(Items from a data source)
◆ ◆ ◆ ◆
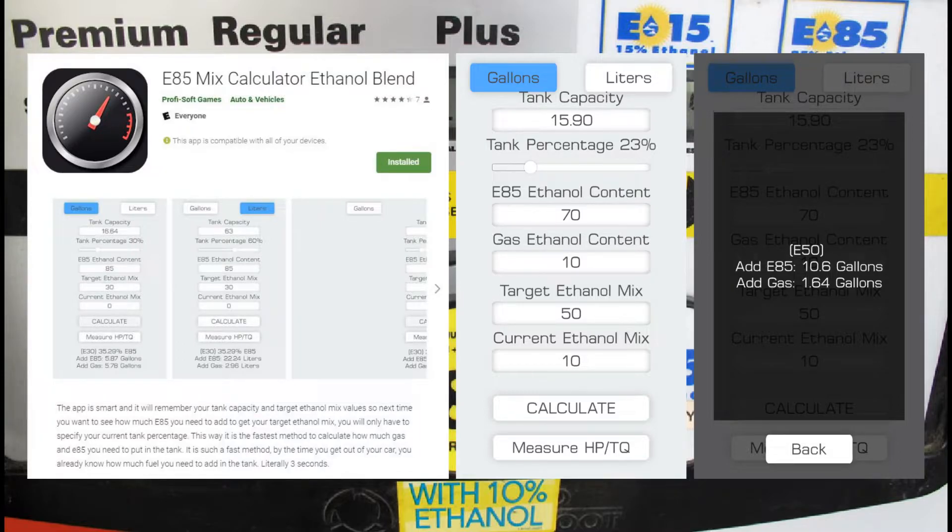With this data and an app such as the one displayed, we can determine exactly how much flex fuel at this specific pump to add, mixed with how much regular gas to get our target ethanol mix. In this example, the flex fuel pump contained 70% ethanol. To reach our target ethanol mix of 50%, we would need to add 10.6 gallons of flex fuel and 1.64 gallons of gas.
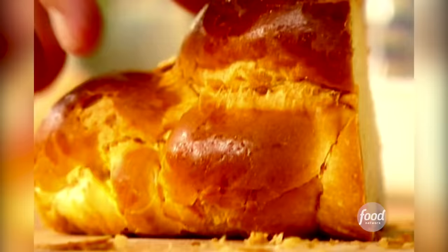This is a challah. It's an egg bread that's been braided — sort of a traditional Jewish bread, but you can use any kind of egg bread or brioche bread that comes in a loaf.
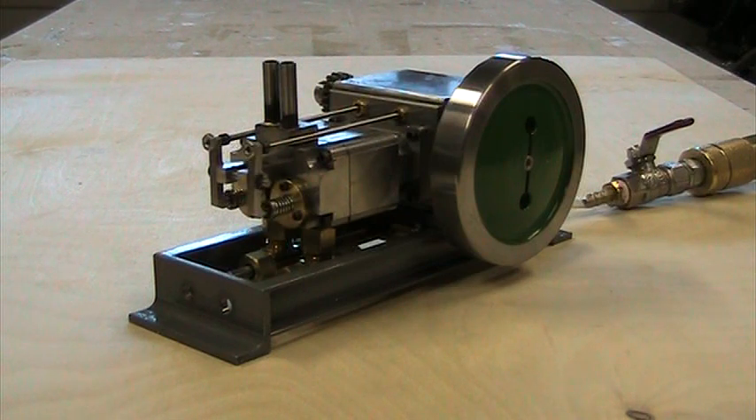It's a two-cylinder four-stroke engine and it actually runs on four-stroke even though this particular model runs on compressed air. It has a three-quarter inch bore and about a one-inch stroke. It's got valves that are operated by a camshaft that runs at half the speed of the crankshaft, and that's what gives you the four-stroke mode of operation.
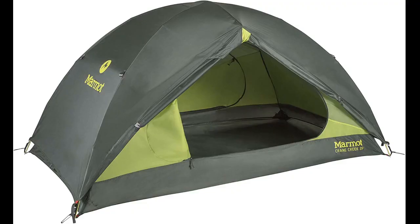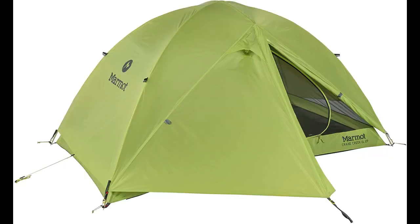This tent also has fly tie-outs that are missing from the Tungsten 2P UL — a criticism of that tent — and probably even more necessary for this tent because the end walls have more slope.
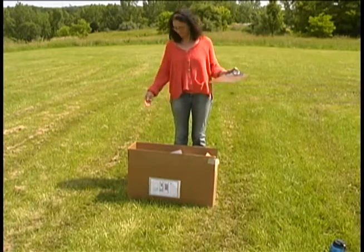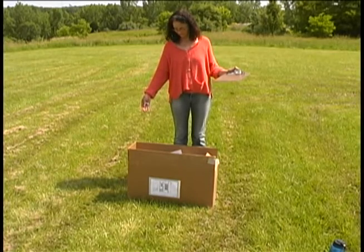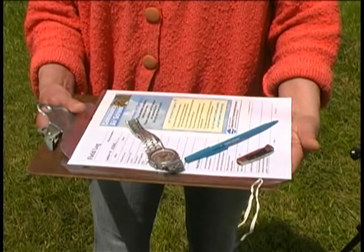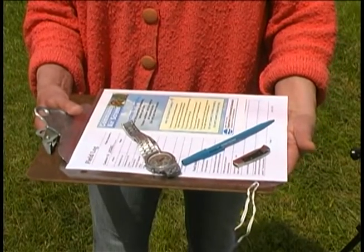We have with us today the box containing the sampling canister, something to record the time, a pen, a clipboard, and something sharp to open the box.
◆ ◆ ◆ ◆
From the first line above to the last, reproduce the records exactly but without the pictures.

*Expected answer*
With this data and an app such as the one displayed, we can determine exactly how much flex fuel at this specific pump to add, mixed with how much regular gas to get our target ethanol mix. In this example, the flex fuel pump contained 70% ethanol. To reach our target ethanol mix of 50%, we would need to add 10.6 gallons of flex fuel and 1.64 gallons of gas.
This is a challah. It's an egg bread that's been braided — sort of a traditional Jewish bread, but you can use any kind of egg bread or brioche bread that comes in a loaf.
It's a two-cylinder four-stroke engine and it actually runs on four-stroke even though this particular model runs on compressed air. It has a three-quarter inch bore and about a one-inch stroke. It's got valves that are operated by a camshaft that runs at half the speed of the crankshaft, and that's what gives you the four-stroke mode of operation.
This tent also has fly tie-outs that are missing from the Tungsten 2P UL — a criticism of that tent — and probably even more necessary for this tent because the end walls have more slope.
We have with us today the box containing the sampling canister, something to record the time, a pen, a clipboard, and something sharp to open the box.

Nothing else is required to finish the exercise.